Closed matkoniecz closed 3 years ago
I planned to write script that will primarily read data, but from what I see in all cases reading data is not done at all or done using SPARQL.
https://github.com/maxlath/wikidata-scripting/tree/master/youtube_links - reads no data - probably will either fail if claim (possibly conflicting one) is existing or it will be overriden.
https://github.com/maxlath/wikidata-scripting/tree/master/import_arbitrary_data_to_wikibase - seems that deduplication is supposed to happen before this script is run
https://github.com/maxlath/wikidata-scripting/tree/master/import_writers_pseudonymes_from_dbpedia - reading happens via SPQRQL
yes, we currently lack some "smart patching" features, all the data control is indeed expected to be done ahead
This is not a problem for me - rather about is there a good way to get value of a specific claim and so on.

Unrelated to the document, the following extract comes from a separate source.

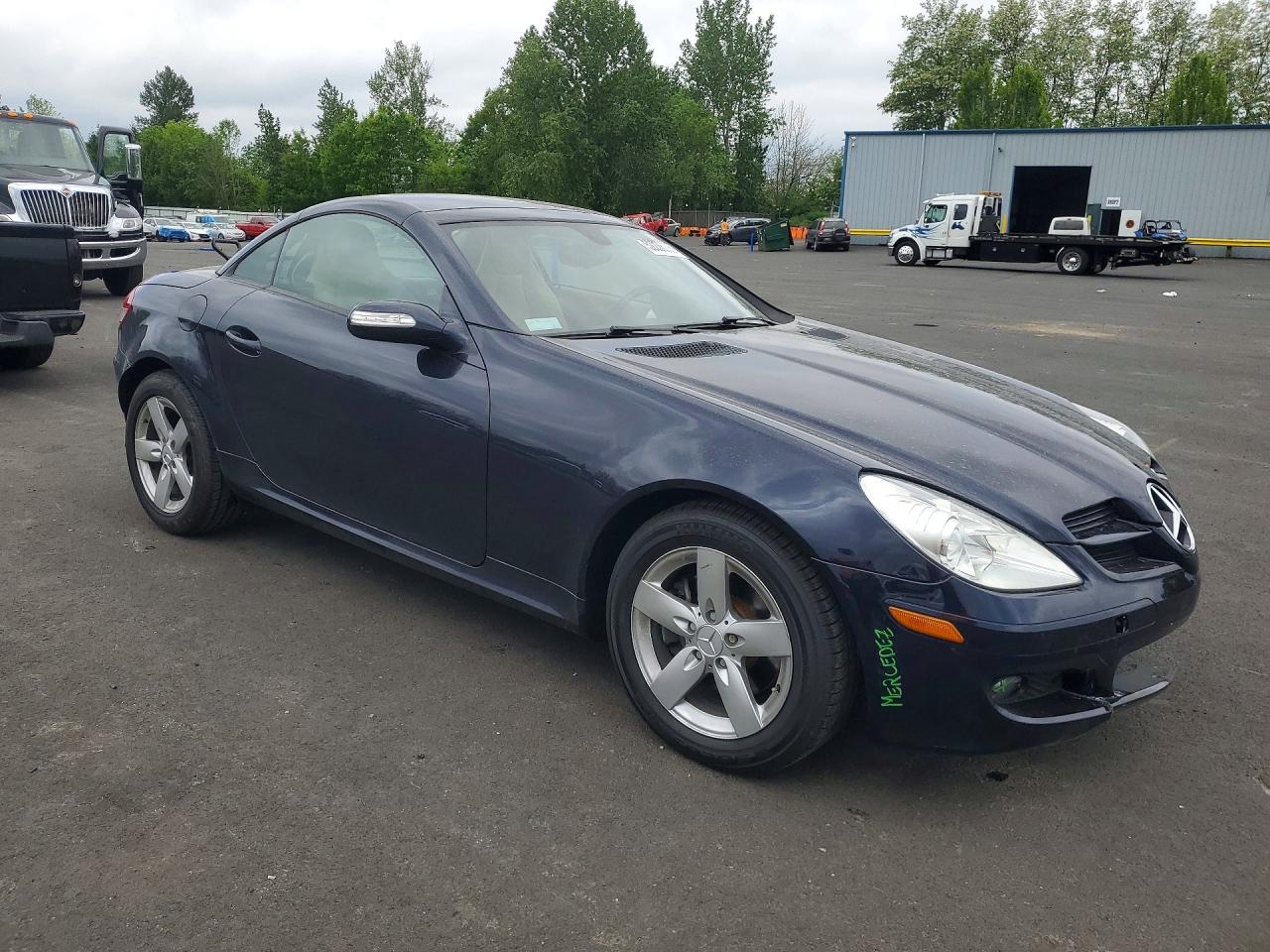 Mercedes-Benz Slk-class 280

a possibility to get data in a script could be to use wb data
, and eventually manipulate the result with something like jq:
# get all Q1 data
wb data Q1
# get all Q1 data in a simplified format
wb data Q1 --simplify
# get all Q1 P1424 claims data
wb data Q1#P1424
# get all Q1 P1424 claims data in a simplified format
wb data Q1#P1424 --simplify
# get the data for the claim identified by Q1-9741c622-fc42-4646-96ec-c594933d74c0
wb data Q1-9741c622-fc42-4646-96ec-c594933d74c0
# get the data for the claim identified by Q1-9741c622-fc42-4646-96ec-c594933d74c0 in a customized simplified format
wb data Q1-9741c622-fc42-4646-96ec-c594933d74c0 --simplify --keep ids,references,qualifiers,hashes,nontruthy
And capture stdin for processing? I guess that main worry is that I still need to manually parse text to hadle errors.
you could either check stdin
Q1_P31_claims_data=$(wd data Q1#P31)
if [[ "$Q1_P31_claims_data" != "" ]] ; do
echo "Q1 has a P31 claim"
else
echo "Q1 doesn't have a P31 claim"
fi
or the exit code, which will be 1
if no value can be found
wd data Q1#P31 > /dev/null && {
echo "Q1 has a P31 claim"
} || {
echo "Q1 does't have a P31 claim"
}
OK, thanks for answering! I think that I will close it.
Thanks again!
I plan to make small scale crawling script (between 5 000 and 25 000 pages), is it an usable tool for that or would you recommend an alternative?